Primeiro-ministro reconhece resultado
A eleição desta terça-feira na Groenlândia havia sido convocada em fevereiro pelo primeiro-ministro Mute Bourup Egede, de forma antecipada, com o argumento de que o país necessitava de união em um “momento sério”.
Nesta quarta-feira, depois de confirmados os resultados, Egede agradeceu aos eleitores pelo comparecimento às urnas e disse que os partidos estão prontos para dar início às negociações para formar um governo.
O partido de Egede, Inuit Ataqatigiit, obteve 21% dos votos, o que caracteriza um declínio significativo em relação à eleição de 2021, quando havia conquistado o primeiro lugar com 36%.
O ministro da Defesa da Dinamarca, Troels Lund Poulsen, parabenizou o partido Demokraatit e disse que o futuro governo da Groenlândia provavelmente terá que “lidar com a enorme pressão do presidente dos EUA, Donald Trump”.

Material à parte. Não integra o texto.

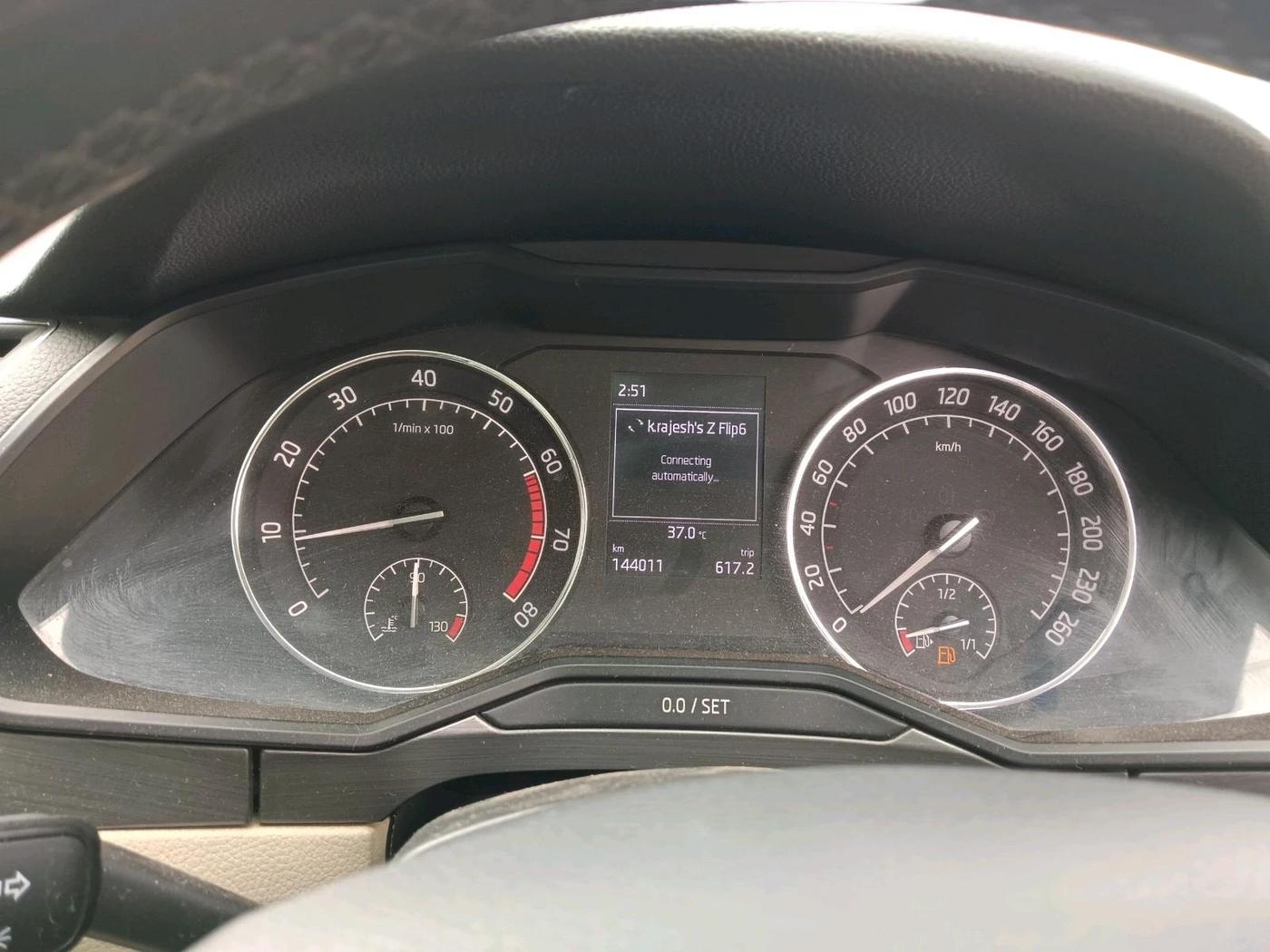 2016 Skoda Superb STYLE 1.8 TSI MT, Petrol, Manual, 1,44,011 km, interior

Poulsen acrescentou que “não se pode simplesmente tomar parte do reino dinamarquês. O futuro da Groenlândia é baseado no que o povo e o governo querem”.
Corrida no Ártico
Ex-colônia dinamarquesa, a Groenlândia passou a conquistar gradualmente certa autonomia a partir de 1979, quando seu primeiro parlamento foi formado. Mas Copenhague ainda controla setores como relações exteriores, defesa e política monetária, além de fornecer mais de 500 bilhões de euros para a ilha anualmente.
Na prática, a independência está em pauta desde 2009, quando, após um referendo, a ilha ganhou o direito de declarar-se independente, embora não o tenha feito por preocupação com a queda do padrão de vida sem o apoio financeiro da Dinamarca.

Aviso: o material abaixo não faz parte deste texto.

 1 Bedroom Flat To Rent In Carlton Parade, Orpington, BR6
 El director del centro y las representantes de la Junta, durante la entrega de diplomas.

A Groenlândia também se vê envolvida em uma corrida geopolítica pelo domínio do Ártico, onde o derretimento das calotas polares está tornando recursos mais acessíveis e abrindo novas rotas de navegação. Rússia e China, por exemplo, intensificaram a atividade militar na região.
Além disso, as declarações de Trump abalaram tanto líderes europeus quanto a população local, a exemplo de integrantes do povo indígena inuit, o que também ajudou a colocar a pauta sobre independência no centro da campanha eleitoral.
Na segunda-feira, no último debate antes do pleito, transmitido pela emissora estatal KNR, os líderes dos cinco partidos atualmente no parlamento disseram, de maneira unânime, que não confiam em Trump.
Inicialmente, Trump não descartou a possibilidade de uso de força militar para assumir o controle do território – que é rico em minerais –, embora mais tarde tenha baixado um pouco a guarda, afirmando que respeitaria a vontade da população e sugerindo que estaria “pronto para investir bilhões de dólares” em caso de futuras parcerias com os EUA.